Creative Commons License

Gencturk M., SINACI A. A., Cicekli N. K.

IEEE ACCESS, cilt.10, ss.89835-89851, 2022 (SCI-Expanded) identifier identifier

  • Yayın Türü: Makale / Tam Makale
  • Cilt numarası: 10
  • Basım Tarihi: 2022
  • Doi Numarası: 10.1109/access.2022.3202008
  • Dergi Adı: IEEE ACCESS
  • Derginin Tarandığı İndeksler: Science Citation Index Expanded (SCI-EXPANDED), Scopus, Compendex, INSPEC, Directory of Open Access Journals
  • Sayfa Sayıları: ss.89835-89851
  • Anahtar Kelimeler: Data models, Random forests, Predictive models, Classification algorithms, Collaborative work, Boosting, Prediction algorithms, Machine learning, Privacy, Collaborative work, Ensemble learning, federated learning, machine learning, privacy-preservation, random forest classification
  • Orta Doğu Teknik Üniversitesi Adresli: Evet

Özet

The application of federated learning on ensemble methods is a common practice with the goal of increasing the predictive power of local models.

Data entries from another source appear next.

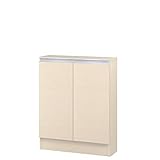 岩附(IWATSUKI) キッチンラック ライトナチュラル 幅55cm 奥行19.4 高さ75 オーダー 幅木よけカット加工無し MIO-7555SLN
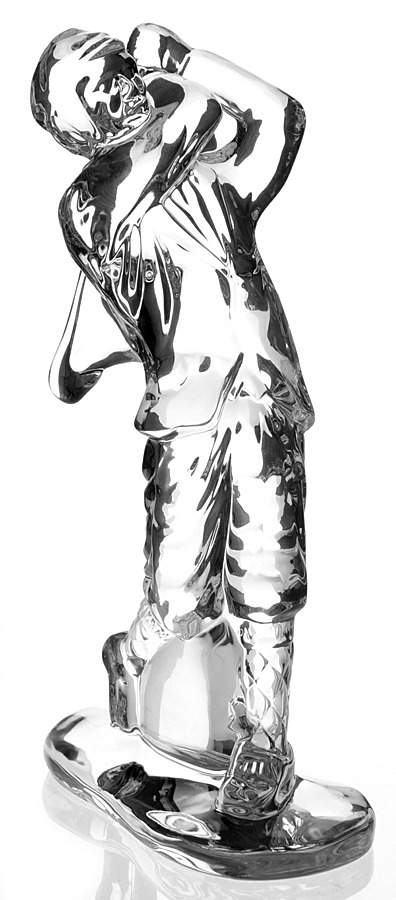 Waterford Crystal Figurine Male Golfer - Boxed by Waterford Crystal-1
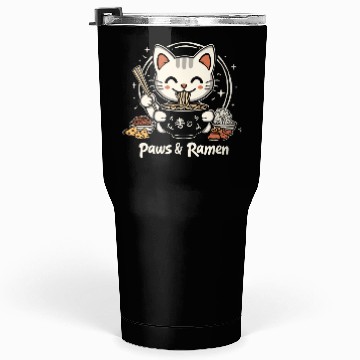 Discover Funny Cat Paws and Ramen Kawai Tumblers 30 Oz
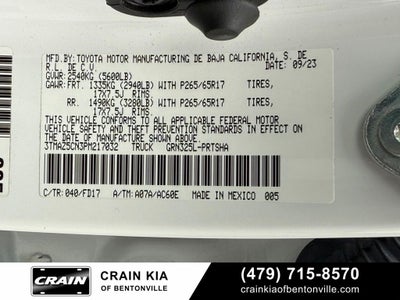 2023 Toyota Tacoma TRD Sport V6 - CLEAN CARFAX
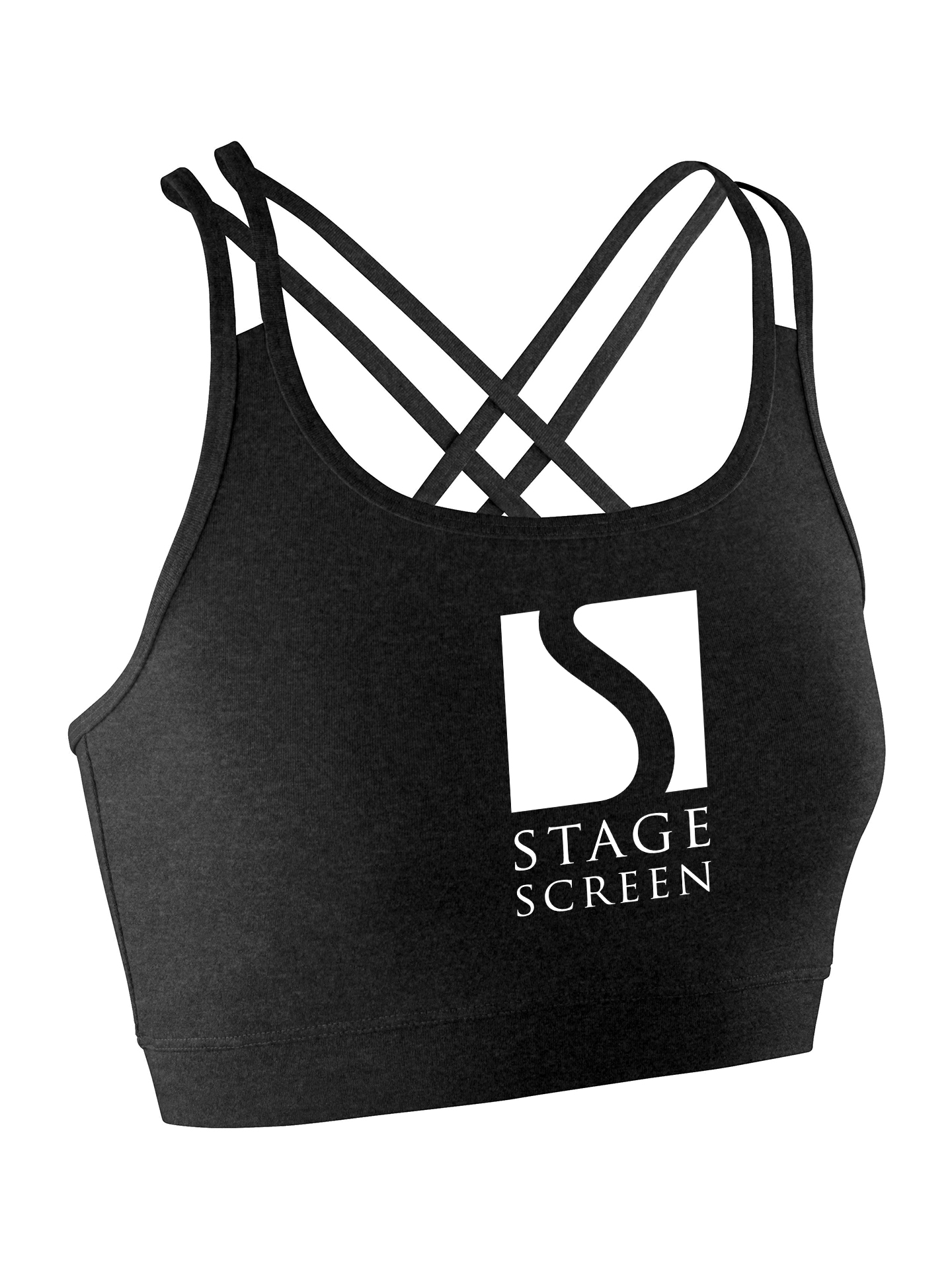 StageScreen Back Detail Lycra Crop Top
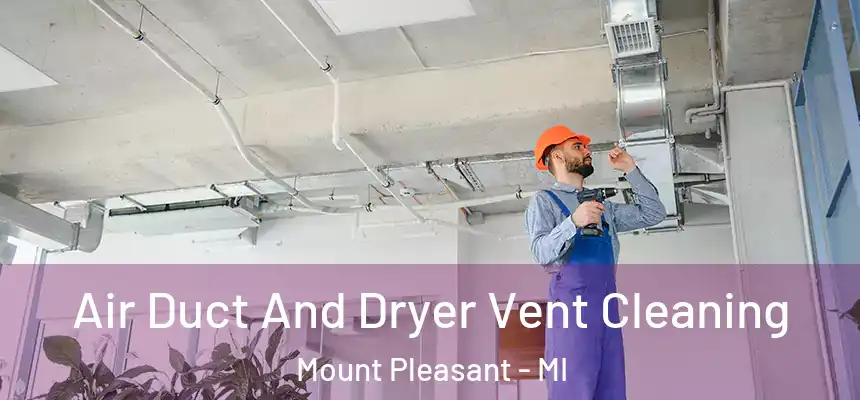  Air Duct And Dryer Vent Cleaning Mount Pleasant - MI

However, although existing federated solutions utilizing ensemble methods can achieve this when the datasets of sites are balanced and of good quality, i.e., the local models are already above a certain accuracy threshold, they usually fail to provide the same level of improvement to the models of sites that have an unsuccessful classifier because of their poor quality or imbalanced data. To address this challenge, we propose a novel federated ensemble classification algorithm for horizontally partitioned data, namely Boosting-based Federated Random Forest (BOFRF), which not only increases the predictive power of all participating sites, but also provides significantly high improvement on the predictive power of sites having unsuccessful local models. We implement a federated version of random forest, which is a well-known bagging algorithm, by adapting the idea of boosting to it. We introduce a novel aggregation and weight calculation methodology that assigns weights to local classifiers based on their classification performance at each site without increasing the communication or computation cost. We evaluate the performance of our proposed algorithm in different federated environments that we set up by using four healthcare datasets. The empirical results show that BOFRF improves the predictive power of local random forest models in all cases. The advantage of BOFRF is that the level of improvement it provides for sites having unsuccessful local models is significantly high unlike existing solutions.